In turn, the council by resolution “condemn[ed] in the strongest terms” Eritrea’s “systematic, widespread and gross human rights violations” and asked the General Assembly to submit the commission reports to all “relevant organs of the UN.” The General Assembly took no public action on that recommendation at its October 2016 session.
Conscripts are often assigned to arduous non-military construction and agriculture projects though some serve in the civil service, education, and other service jobs. Conscripts are used not only in government-related projects, they are used in projects personally benefitting military commanders and other officials.
Treatment of conscripts is often harsh, depending on the whim of the commander. Physical abuse, including torture, occurs frequently; so does forced domestic servitude and sexual violence by commanders against female conscripts. There is no redress mechanism for conscripts facing sexual and other abuses.
Attempts to flee are sternly punished. On April 3, new conscripts trying to escape from a convoy in Asmara were shot at by guards, killing several.
Conscript pay is insufficient to support the conscript, let alone a family. An Eritrean refugee told Human Rights Watch he fled in 2015 after 18 years of service because there was no end in sight.
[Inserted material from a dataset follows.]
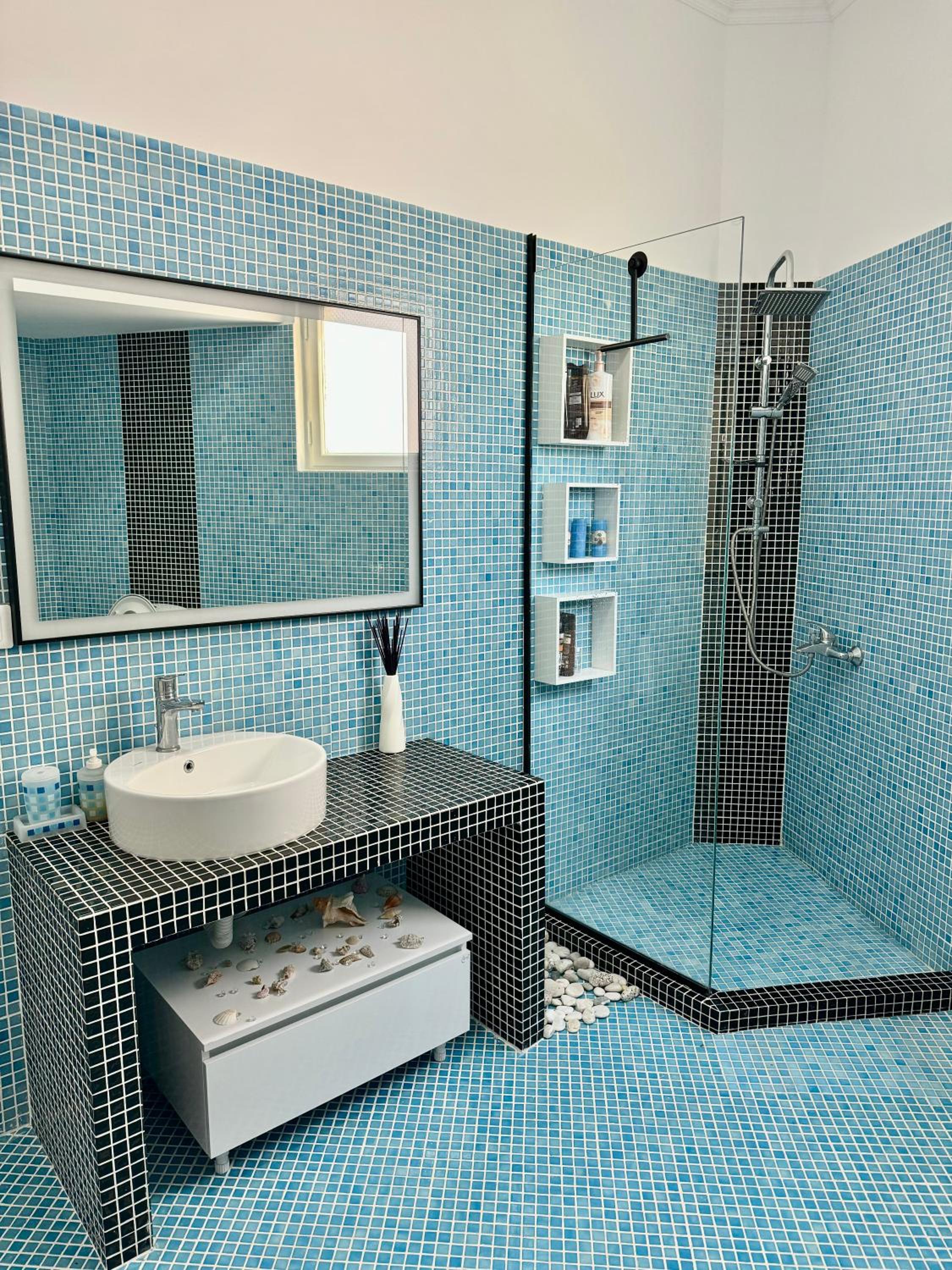 Comfy Blue Sarande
Another said he fled after 10 years because “my family couldn’t survive.” A third said he fled after serving for 12 years because “I couldn’t see any future for my children.”
When Eritrea was discussing a large grant from the European Union in 2015, senior Eritrean officials told diplomats and foreign visitors that the 18-month limit would be applied to new conscripts, though not to those already serving far longer. In February, the government abandoned that proposal.
Instead, President Isaias announced that conscript pay would be raised. His finance minister said pay for conscripts working in the civil service would almost triple; he made no mention of increases for others. At time of writing, there is no evidence that pay had increased for most conscripts.
The government owns all media. In September 2001, the government closed all independent newspapers and arrested its leading journalists. None were brought to trial. They remain in solitary detention, with no access to family members. Former guards have reported about half have died in detention. Eleven former high-level officials who criticized Isaias’s rule were also arrested and detained since 2001. Eritrean authorities have ignored calls, including by the African Commission on Human and Peoples’ Rights and the UN special rapporteur for Eritrea, for their release or at least a judicial hearing.
Less prominent citizens are also subject to arbitrary imprisonment. Very few are given a reason for their arrest. Few, if any, receive trials; some disappear. The length of imprisonment is often indefinite and conditions are harsh.
Although the government issued a new criminal procedure code in 2015, requiring warrants for arrest, access to defense counsel, and other procedural safeguards, including the right to petition for habeas corpus, there is no evidence that any of these protections has been implemented.
Security personnel raid private homes where adherents of unrecognized religions meet for prayers, arresting and detaining them. Those arrested are only released after repudiating their religious affiliations.
Jehovah’s Witnesses are especially persecuted. Three arrested 22 years ago, in 1994, for refusing military service remain imprisoned. Fifty-four Witnesses, arrested in 2014 for “unlawful assembly,” admitted guilt in March 2016 and were released with a fine of 500 nakfa (US$35); a lone holdout was sentenced to six months and fined 7,000 nakfa ($470).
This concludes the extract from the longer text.